Deploying a Production-Ready Kafka Cluster on Kubernetes with Strimzi

What is Event Streaming?

Event streams are similar to digital root systems in business, capturing real-time data from multiple sources for further processing and analysis.

Event Streaming is Used For?

Event streaming is used in a variety of industries for payments, logistics tracking, IoT data analytics, customer communication, healthcare analytics, data integration, and more

Apache Kafka is an event streaming platform. What does that mean?
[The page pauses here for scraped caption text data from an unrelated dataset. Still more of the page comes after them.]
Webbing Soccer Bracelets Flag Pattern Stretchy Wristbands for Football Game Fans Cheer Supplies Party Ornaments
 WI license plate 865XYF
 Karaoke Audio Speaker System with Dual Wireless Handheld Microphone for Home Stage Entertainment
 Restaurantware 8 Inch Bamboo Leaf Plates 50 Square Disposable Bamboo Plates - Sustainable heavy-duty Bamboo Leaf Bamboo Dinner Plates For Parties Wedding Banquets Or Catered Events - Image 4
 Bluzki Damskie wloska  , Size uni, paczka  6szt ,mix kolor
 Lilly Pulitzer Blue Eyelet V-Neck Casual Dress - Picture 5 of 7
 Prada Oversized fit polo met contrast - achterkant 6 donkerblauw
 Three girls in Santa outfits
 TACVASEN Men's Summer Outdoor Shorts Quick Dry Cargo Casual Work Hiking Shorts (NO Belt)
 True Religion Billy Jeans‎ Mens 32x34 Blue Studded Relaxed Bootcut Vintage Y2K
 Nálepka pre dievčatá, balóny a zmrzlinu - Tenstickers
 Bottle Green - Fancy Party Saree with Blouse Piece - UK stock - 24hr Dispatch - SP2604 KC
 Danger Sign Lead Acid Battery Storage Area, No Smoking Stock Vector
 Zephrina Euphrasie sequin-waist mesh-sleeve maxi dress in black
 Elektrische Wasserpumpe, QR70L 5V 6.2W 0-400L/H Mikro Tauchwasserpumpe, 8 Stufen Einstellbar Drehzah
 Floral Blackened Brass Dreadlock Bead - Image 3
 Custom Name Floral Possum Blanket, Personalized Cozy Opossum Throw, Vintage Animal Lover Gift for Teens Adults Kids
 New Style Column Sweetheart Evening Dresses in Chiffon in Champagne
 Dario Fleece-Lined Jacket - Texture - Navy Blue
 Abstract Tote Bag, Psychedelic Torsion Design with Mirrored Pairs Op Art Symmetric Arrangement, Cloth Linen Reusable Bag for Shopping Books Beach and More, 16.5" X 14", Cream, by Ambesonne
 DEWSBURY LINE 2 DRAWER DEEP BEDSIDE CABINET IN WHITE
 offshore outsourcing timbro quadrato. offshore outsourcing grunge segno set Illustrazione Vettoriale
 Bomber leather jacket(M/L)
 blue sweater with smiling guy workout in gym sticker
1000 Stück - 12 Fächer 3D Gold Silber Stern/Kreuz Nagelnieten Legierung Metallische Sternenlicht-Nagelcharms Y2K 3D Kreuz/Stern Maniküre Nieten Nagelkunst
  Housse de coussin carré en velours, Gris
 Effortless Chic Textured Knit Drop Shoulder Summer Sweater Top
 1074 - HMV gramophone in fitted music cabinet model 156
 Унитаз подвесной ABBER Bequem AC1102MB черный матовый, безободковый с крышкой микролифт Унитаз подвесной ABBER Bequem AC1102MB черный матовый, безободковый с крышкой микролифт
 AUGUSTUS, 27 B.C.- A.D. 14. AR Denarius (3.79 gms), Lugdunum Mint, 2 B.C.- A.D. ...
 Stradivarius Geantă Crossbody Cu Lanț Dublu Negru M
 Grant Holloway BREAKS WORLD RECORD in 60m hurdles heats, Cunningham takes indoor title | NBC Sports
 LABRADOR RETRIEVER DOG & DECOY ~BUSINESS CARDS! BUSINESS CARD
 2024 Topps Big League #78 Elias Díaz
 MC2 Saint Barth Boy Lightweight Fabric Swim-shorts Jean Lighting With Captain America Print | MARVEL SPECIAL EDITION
Kafka allows you to publish and subscribe to event streams.
It preserves these streams reliably for as long as necessary.
You can process streams in real time or in retroactively.
Kafka is distributed, scalable, fault tolerant, and secure.
It works across platforms and can be monitored or fully managed by vendors.

How does Kafka work?

Kafka is a distributed system with servers and clients communicating via high-performance TCP. It can run on various platforms like bare-metal, VMs, or containers in on-premise or cloud setups.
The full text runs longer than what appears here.